- [Required action]: Each line below is to be copied exactly; images do not go into the copy.

- [Recorded data]:
>>>
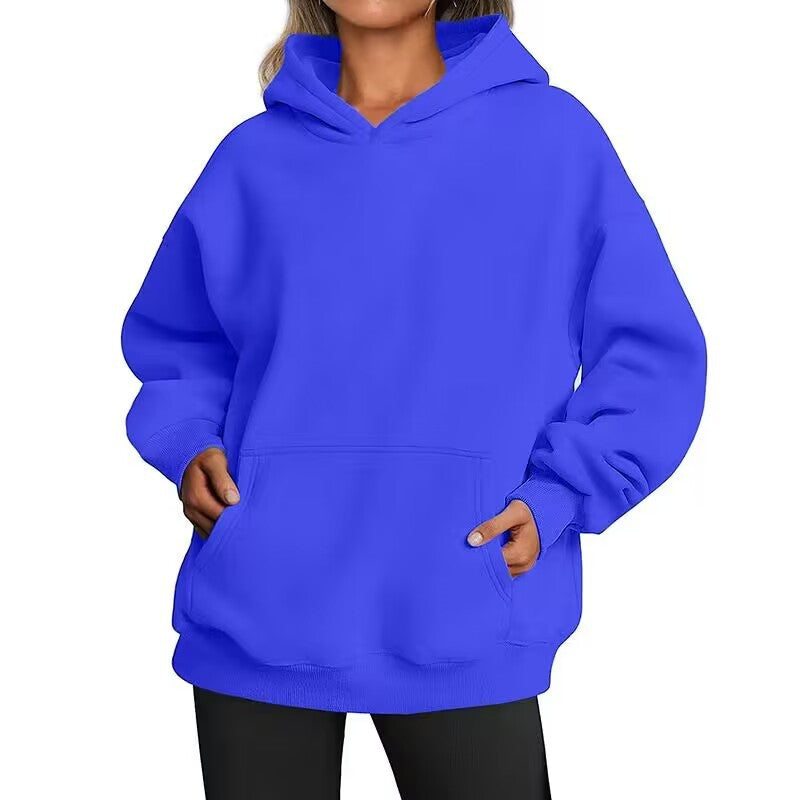 Queen Oversized Hoodie Drop-shoulder Sleeve Sports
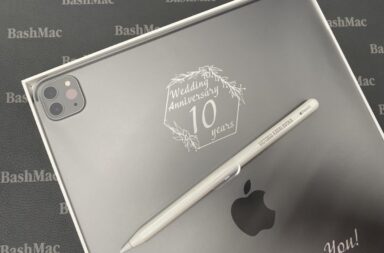 Лазерная гравировка на задней крышке iPad Pro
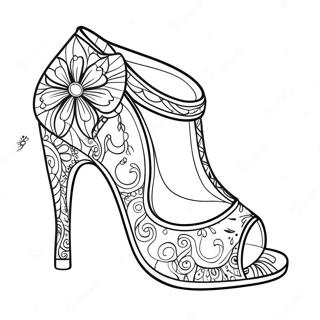 High Heel Shoe Coloring Page 19032-15019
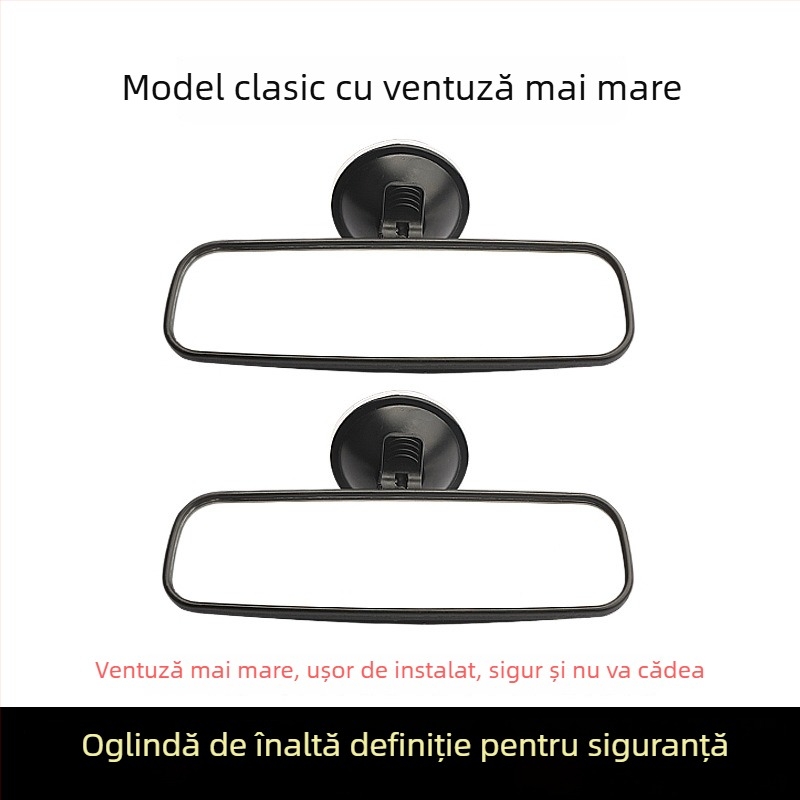 Oglindă interioară pentru vedere în spate a tricicletei electrice, cu ventuză, oglindă de mers înapoi, universală pentru vehicule cu patru roți, câmp vizual larg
<<<
- [Solution to this problem]:
 Queen Oversized Hoodie Drop-shoulder Sleeve Sports
 Лазерная гравировка на задней крышке iPad Pro
 High Heel Shoe Coloring Page 19032-15019
 Oglindă interioară pentru vedere în spate a tricicletei electrice, cu ventuză, oglindă de mers înapoi, universală pentru vehicule cu patru roți, câmp vizual larg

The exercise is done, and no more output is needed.